Australian rugby league footballer

David Riolo (born 20 April 1972) is a former Italy international rugby league footballer who played in the 1990s for Illawarra and Parramatta.

==Background==
Riolo was born in Wollongong, New South Wales, Australia.

==Overview==
Riolo played fullback over the course of his nine-year career in the Australian Rugby League competition. He also represented Italy in 1999 Mediterranean Cup and in the Rugby League Emerging Nations Tournament in 2000.

Following his retirement from rugby league, David Riolo worked as a sports reporter for WIN Television, before turning his attention to sports management as an accredited Australian Football League, National Rugby League and Australian Rugby Union agent.

Riolo is responsible for the careers of a significant number of Australia’s sporting stars.

==Playing career==
Riolo played the majority of his career with the Illawarra Steelers, his hometown club, before retiring with the Parramatta Eels in 1998. Riolo's final first grade game as a player was the 1997 major qualifying final against North Sydney which Norths won 24-14.

At the end of the 1999 season, Riolo represented Italy in the first Mediterranean Cup. Riolo later captain/coached The Azzuri in the Rugby League Emerging Nations Tournament in which they were runners-up to British Amateur Rugby League Association, narrowly missing out on a place at the 2000 Rugby League World Cup.
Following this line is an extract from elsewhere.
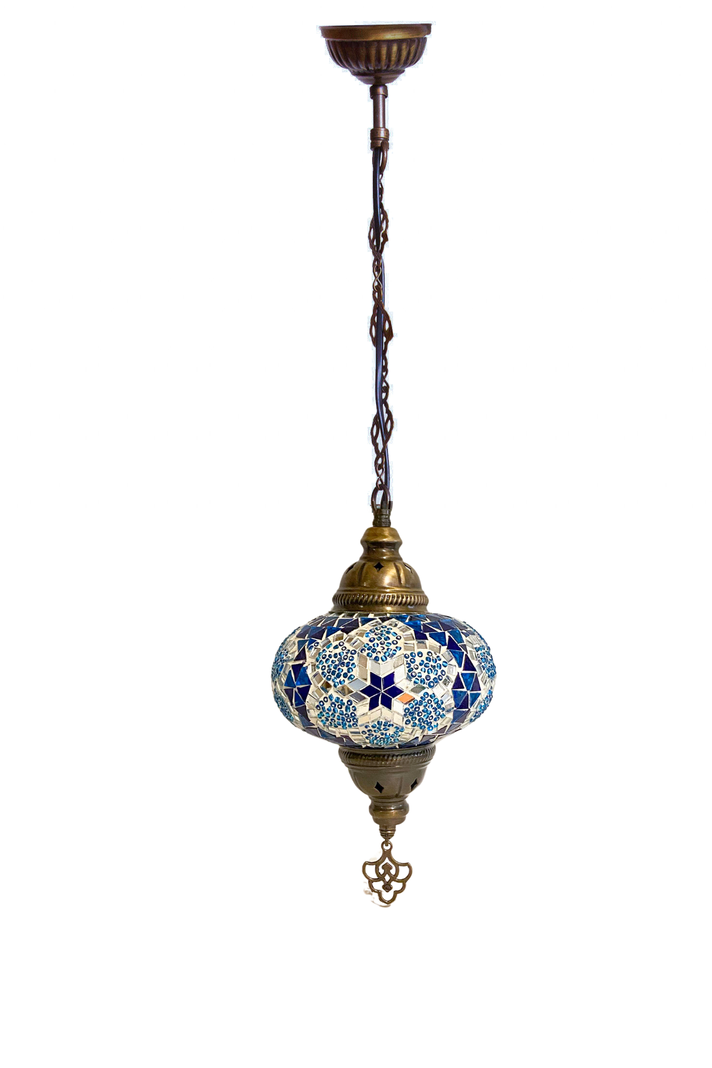 Lámpara turca colgante M prisma azul y turquesa-0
In 2015, Riolo played for the Australian Oztag over-40's side in the World Cup.

Sporting positions
| Preceded byCraig Salvatori 1999 | Coach Italy 2003-2006 | Succeeded byDavid Penna 2009 |

==Sports agent==
Early in his player management career, Riolo cut his teeth working with prominent internationals Jason Cayless, Craig Fitzgibbon, Andrew Ryan and Michael Vella. Today, he manages a number of the NRL’s highest profile players, including Todd Carney, Paul Gallen, James Graham, Brett Morris and Josh Morris. His AFL clients include Kieren Jack.

Most notably, Riolo has shaped the career of multi-sport athlete Karmichael Hunt, successfully negotiating cross-code moves from the Brisbane Broncos (NRL) to Biarritz Olympique in France (Top 14 Rugby Union), and then to the Gold Coast Suns (AFL) back in Australia.

On 26 April 2012, Riolo was banned for 6 months by the NRL over his actions in the Melbourne Storm salary cap affair.